1. Tilghman's Avatar
    I have yet to find a case/holster that suits me, and am a skilled enough leather worker to consider making my own. Can anyone tell me the location of the sensor that will put an 8820 into "holster" mode", and how strong a magnet is used? It's one of the pieces of information that I need to make up my mind.

    Thanks
    12-28-08 05:17 PM
  2. BuddyL's Avatar
    What kind of holster are you looking for and what do you want it to do. I use the holster that came with the phone and I've had no problems.

    Posted from my CrackBerry at wapforums.crackberry.com
    12-28-08 07:14 PM
  3. Tilghman's Avatar
    I'll rephrase my question.

    Does anyone know where the magnet has to be located in order to put the 8820 into "holster" mode?
    12-29-08 01:14 AM
  4. gt0075b's Avatar
    I know how you feel, Tilghman. It's quite difficult to find a good holster with the magnet built-in.

    To answer your question, the magnetic sensor seems to be located between the [V] and [B] keys, just above the [space] key.

    I've played around with it, and the sensor seems to be fairly sensitive. A small ferrite magnet seems to work just fine. If you use a strong enough magnet, it'll even work on the back side of the Blackberry!
    01-06-09 04:20 PM
  5. Soloman02's Avatar
    If you use a strong enough magnet, it'll even work on the back side of the Blackberry!
    I would advise against using a strong magnet (even to test things). Strong magnetic fields and sensitive electronics do not mix.

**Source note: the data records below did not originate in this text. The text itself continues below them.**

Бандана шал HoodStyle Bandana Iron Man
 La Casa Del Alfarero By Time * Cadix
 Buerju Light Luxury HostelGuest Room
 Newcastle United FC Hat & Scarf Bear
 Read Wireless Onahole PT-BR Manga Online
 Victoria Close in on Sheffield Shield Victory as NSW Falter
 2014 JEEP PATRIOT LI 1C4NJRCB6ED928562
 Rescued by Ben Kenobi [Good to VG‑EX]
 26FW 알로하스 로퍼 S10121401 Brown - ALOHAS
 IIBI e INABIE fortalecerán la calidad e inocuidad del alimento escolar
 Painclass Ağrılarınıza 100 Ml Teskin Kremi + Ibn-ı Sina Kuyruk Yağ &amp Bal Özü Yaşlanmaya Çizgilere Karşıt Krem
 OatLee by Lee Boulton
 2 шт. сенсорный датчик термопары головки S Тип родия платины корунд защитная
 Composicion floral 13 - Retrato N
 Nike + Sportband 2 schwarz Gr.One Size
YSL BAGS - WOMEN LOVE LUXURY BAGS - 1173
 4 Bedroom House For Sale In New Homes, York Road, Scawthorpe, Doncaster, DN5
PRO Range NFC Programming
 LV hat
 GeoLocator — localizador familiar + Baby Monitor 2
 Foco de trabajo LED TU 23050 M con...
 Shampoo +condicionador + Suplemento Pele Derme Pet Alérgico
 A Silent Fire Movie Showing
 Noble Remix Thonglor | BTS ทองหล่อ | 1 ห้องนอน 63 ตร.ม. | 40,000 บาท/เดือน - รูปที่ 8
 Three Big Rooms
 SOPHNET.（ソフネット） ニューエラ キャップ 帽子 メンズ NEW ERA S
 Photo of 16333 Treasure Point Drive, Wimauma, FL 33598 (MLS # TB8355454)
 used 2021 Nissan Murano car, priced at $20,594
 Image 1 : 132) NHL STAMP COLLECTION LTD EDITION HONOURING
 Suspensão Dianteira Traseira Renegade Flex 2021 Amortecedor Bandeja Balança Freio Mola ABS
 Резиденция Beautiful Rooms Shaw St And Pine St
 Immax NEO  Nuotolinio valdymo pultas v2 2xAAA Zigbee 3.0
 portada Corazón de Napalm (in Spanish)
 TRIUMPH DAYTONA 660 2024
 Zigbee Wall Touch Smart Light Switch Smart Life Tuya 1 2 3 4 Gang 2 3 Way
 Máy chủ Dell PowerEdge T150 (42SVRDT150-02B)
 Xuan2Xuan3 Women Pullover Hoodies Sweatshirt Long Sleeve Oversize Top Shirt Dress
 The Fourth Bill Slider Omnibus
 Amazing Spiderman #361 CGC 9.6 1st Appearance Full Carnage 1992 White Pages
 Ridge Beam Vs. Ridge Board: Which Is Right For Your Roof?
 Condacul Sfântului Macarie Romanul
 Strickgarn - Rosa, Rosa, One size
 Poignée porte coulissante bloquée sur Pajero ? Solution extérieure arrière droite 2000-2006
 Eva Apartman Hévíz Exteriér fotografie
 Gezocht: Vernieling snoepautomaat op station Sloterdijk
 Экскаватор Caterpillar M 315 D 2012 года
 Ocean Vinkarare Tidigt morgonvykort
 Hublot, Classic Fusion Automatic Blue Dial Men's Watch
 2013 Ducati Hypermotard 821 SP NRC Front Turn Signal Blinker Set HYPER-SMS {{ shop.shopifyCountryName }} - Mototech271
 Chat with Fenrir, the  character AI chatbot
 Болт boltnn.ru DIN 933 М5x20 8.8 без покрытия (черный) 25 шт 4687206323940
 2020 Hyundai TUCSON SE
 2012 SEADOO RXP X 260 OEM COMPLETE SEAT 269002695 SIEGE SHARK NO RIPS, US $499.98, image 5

A magnet taken from a disassembled hard drive (rare earth) would constitute a strong magnet.
    01-06-09 04:29 PM
  6. keswan's Avatar
    I would advise against using a strong magnet (even to test things). Strong magnetic fields and sensitive electronics do not mix. A magnet taken from a disassembled hard drive (rare earth) would constitute a strong magnet.
    IF magnets and electronics don't mix then you just negated your statement when you mentioned the magnets in a Hard drive. Everybody says not to hold a magnet next to anything in a computer or it will wipe it, if that was the case then you would not find magnets in hard drives. the only thing that a "strong" magnet would really do is cause the metal parts on the phone to become magnetized.
    01-11-09 11:09 AM
  7. Tilghman's Avatar
    The injunction against magnets and computers is real, but it dates back to the days of magnetic media such as tapes and floppies. I was witness to a classic example back in the day, when a tape reel that contained important new software bound for a corporate demo was placed atop a couple of deguassng bars by an airline baggage inspector. The data was unrecoverable.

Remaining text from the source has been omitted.